*** Records shown ***

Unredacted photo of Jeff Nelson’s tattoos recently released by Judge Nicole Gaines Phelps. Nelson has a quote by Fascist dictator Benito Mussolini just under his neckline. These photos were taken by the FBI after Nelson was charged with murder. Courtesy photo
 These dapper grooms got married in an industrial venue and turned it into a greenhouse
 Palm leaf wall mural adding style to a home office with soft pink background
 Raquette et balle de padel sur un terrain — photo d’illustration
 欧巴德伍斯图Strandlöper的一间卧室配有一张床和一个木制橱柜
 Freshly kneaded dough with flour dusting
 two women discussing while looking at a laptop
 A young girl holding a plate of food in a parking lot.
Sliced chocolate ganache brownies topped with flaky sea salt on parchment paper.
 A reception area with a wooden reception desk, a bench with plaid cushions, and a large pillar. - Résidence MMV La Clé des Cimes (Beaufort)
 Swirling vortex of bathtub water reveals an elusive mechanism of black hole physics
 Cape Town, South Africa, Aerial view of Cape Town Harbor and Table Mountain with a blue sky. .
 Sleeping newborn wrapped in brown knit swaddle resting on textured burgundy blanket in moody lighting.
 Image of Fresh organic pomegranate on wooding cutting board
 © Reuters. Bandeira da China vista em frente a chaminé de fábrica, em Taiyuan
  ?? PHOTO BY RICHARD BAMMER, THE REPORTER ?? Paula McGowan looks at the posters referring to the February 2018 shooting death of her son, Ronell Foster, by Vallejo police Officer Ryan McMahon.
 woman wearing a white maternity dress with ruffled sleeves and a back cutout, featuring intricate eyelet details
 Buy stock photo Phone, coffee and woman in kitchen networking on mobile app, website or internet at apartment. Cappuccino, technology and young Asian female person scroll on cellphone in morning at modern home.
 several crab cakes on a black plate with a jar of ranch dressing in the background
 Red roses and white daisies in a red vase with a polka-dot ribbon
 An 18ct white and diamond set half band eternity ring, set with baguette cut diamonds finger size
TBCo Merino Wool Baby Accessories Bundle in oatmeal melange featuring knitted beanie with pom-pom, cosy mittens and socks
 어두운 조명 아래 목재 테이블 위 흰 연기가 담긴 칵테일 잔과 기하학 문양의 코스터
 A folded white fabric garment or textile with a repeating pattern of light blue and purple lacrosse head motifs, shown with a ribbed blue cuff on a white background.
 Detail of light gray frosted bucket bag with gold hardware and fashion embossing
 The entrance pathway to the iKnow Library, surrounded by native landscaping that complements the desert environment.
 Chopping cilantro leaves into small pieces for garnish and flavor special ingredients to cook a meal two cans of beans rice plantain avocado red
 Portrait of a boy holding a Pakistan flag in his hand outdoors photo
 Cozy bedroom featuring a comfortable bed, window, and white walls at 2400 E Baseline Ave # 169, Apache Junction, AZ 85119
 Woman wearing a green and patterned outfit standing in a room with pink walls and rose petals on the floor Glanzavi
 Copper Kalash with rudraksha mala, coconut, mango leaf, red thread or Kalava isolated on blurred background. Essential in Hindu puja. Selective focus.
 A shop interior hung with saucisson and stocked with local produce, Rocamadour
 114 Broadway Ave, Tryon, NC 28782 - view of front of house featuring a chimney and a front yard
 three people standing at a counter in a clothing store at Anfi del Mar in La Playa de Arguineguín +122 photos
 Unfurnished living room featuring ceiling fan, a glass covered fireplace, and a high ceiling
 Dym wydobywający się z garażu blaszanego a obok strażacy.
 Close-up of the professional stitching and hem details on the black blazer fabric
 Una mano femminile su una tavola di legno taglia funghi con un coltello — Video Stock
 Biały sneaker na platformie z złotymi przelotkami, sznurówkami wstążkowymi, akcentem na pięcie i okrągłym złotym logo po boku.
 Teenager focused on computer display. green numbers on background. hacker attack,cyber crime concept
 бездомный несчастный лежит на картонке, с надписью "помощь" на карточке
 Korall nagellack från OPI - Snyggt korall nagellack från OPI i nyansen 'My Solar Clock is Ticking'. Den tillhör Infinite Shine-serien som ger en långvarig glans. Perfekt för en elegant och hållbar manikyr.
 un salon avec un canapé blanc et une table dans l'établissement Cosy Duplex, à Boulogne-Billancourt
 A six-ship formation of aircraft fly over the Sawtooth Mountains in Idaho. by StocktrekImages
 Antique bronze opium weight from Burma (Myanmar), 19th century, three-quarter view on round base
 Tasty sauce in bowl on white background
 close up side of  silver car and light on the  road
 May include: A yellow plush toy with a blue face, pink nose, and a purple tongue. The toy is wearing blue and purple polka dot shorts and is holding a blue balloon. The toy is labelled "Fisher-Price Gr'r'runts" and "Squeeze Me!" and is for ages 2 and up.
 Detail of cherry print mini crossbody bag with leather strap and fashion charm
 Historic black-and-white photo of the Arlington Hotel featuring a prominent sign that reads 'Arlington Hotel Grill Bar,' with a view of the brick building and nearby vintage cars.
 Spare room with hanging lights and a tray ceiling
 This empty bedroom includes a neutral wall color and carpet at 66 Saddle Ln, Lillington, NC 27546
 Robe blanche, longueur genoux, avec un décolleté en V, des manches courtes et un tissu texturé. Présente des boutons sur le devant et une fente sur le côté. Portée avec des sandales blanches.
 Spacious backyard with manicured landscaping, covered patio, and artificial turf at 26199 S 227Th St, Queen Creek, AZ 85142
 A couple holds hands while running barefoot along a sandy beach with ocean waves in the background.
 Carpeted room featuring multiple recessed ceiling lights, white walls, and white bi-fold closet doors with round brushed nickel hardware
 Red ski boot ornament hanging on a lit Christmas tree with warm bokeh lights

*** End of Records shown ***

--- What you have to do ---
Copy, exactly as written, the lines above, beginning with the one that contains "A couple holds" and ending with the last.

--- Answer space ---
 A couple holds hands while running barefoot along a sandy beach with ocean waves in the background.
 Carpeted room featuring multiple recessed ceiling lights, white walls, and white bi-fold closet doors with round brushed nickel hardware
 Red ski boot ornament hanging on a lit Christmas tree with warm bokeh lights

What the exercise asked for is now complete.